The UK government has taken legal advice from a US-born lawyer working for Donald Trump’s administration to build the case for unilaterally tearing up trade arrangements for Northern Ireland after Brexit.
Senior Whitehall insiders say the government has “excluded” its team of outside legal advisers for the previous Northern Ireland deal. They added that it wanted to establish a case in international law for UK legislation to overturn part of the deal signed in 2019 to prevent the island of Ireland from restoring a north-south trade border.

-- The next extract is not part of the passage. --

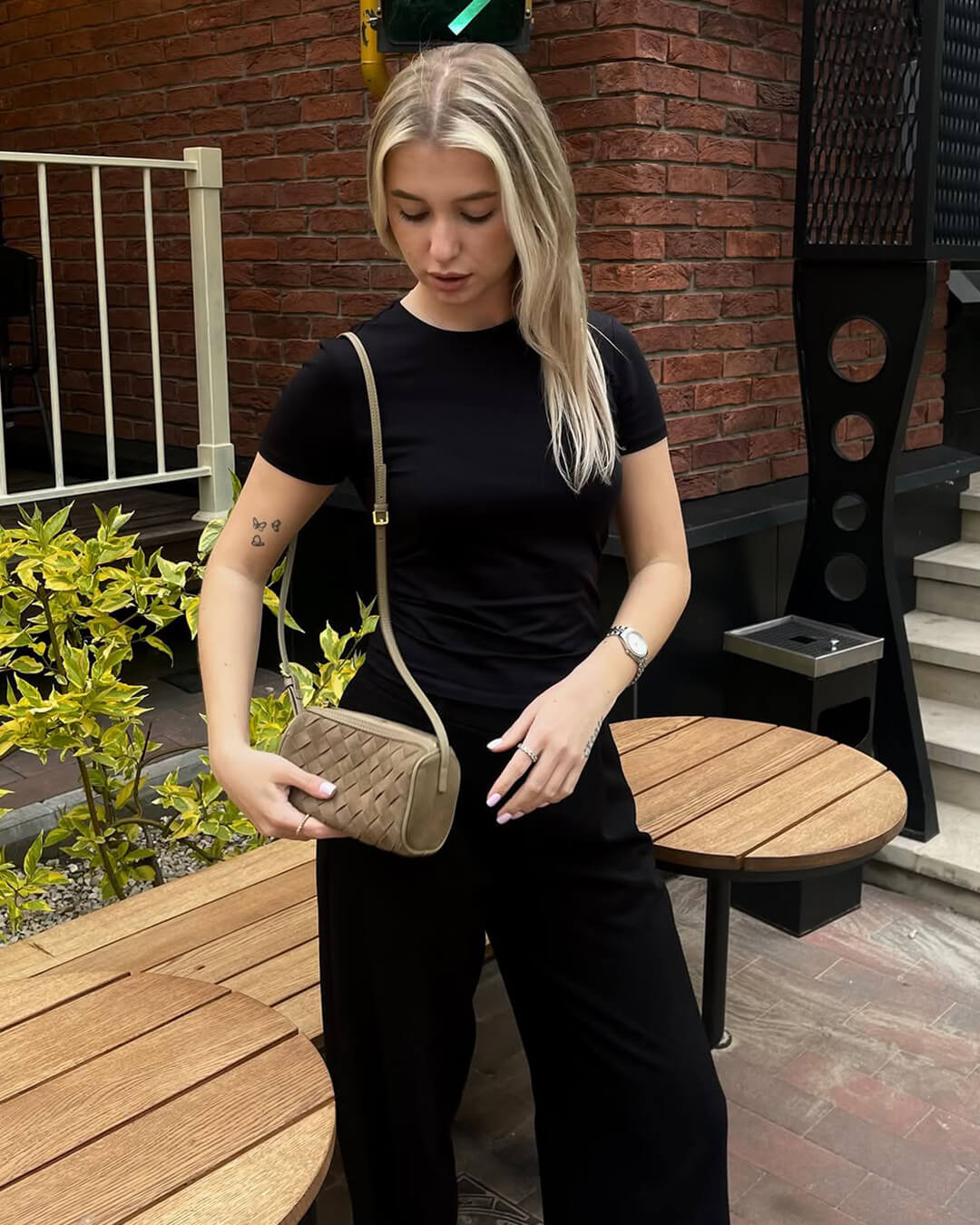 Jessica Geflochtene Wildledertasche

UK Attorney General Suella Braverman report Legally endorse the government’s proposed unilateral action, citing the need to defend the higher-priority Good Friday Agreement of 1998, which ended the conflict in Northern Ireland, which Johnson’s government believes is being threatened.
Financial Times disclose In November, the government was seeking new legal advice – described by Whitehall insiders as “opinion shopping” – to back its legislation to “close” parts of the agreement in UK law.
The ministers have hired Thomas D. Grant, an international lawyer at Cambridge University, a political appointee in the Trump administration’s State Department to oversee U.S. national security strategy, three people familiar with the matter said.
Grant, who has been on sabbatical from Cambridge since taking office in Washington, D.C., list “Sovereignty” and “State Immunity” in his legitimate interests on the Wolfson College Cambridge website. Grant did not respond to a request for comment.
At the height of the Brexit debate in June 2019, Grant also co-authored booklet The Politeia think tank, along with leading Brexiter lawyer Martin Howe QC, believes the UK should opt for a “no deal” Brexit rather than a deal that would have Northern Ireland legally linked to the EU.
Among the arguments presented in the pamphlet, according to Politeia believes there is “no insurmountable problem” with the Irish border as it is already a VAT and excise border.
Braverman’s new legal advice, first reported in era, Arguing that the UK government has a legal right to defend the Good Friday Agreement, which it says is “fundamental” and actually trumps it.
The suggestion caused unease in some corners of Whitehall. Insiders said it was described as a “puppet opinion” to appease the pro-Brexit Conservative backbenchers and demonstrate Johnson’s government’s resolve to confront Brussels over a deal.
The threat to cancel the agreement echoes the UK Internal Market Act 2020, when Prime Minister Boris Johnson’s government introduced legislation to unilaterally reject the agreement because it admitted at the time a “limited” breach of international law.
The admission sparked an outcry, including from some Conservative backbenchers and prominent peers. It also sparked the resignation of Sir Jonathan Jones, then head of the UK government’s legal department.
Jones told the Financial Times this week that the government’s renewed threat to tear up the deal was “wrong and counterproductive”, warning that any such move would damage Britain’s international standing.
“Why would other countries want to deal with the UK, to hear our views on the international rule of law, or to trust that we will keep our promises in the future?” he asked.
Downing Street said the government continued to listen to advice from a wide range of legal sources, but declined to comment specifically on Braverman’s views on the Northern Ireland deal.
A spokesman said: “Not commenting on whether the Attorney General is providing legal advice or the content of any advice is long-standing government policy and is acceptable to all governments.”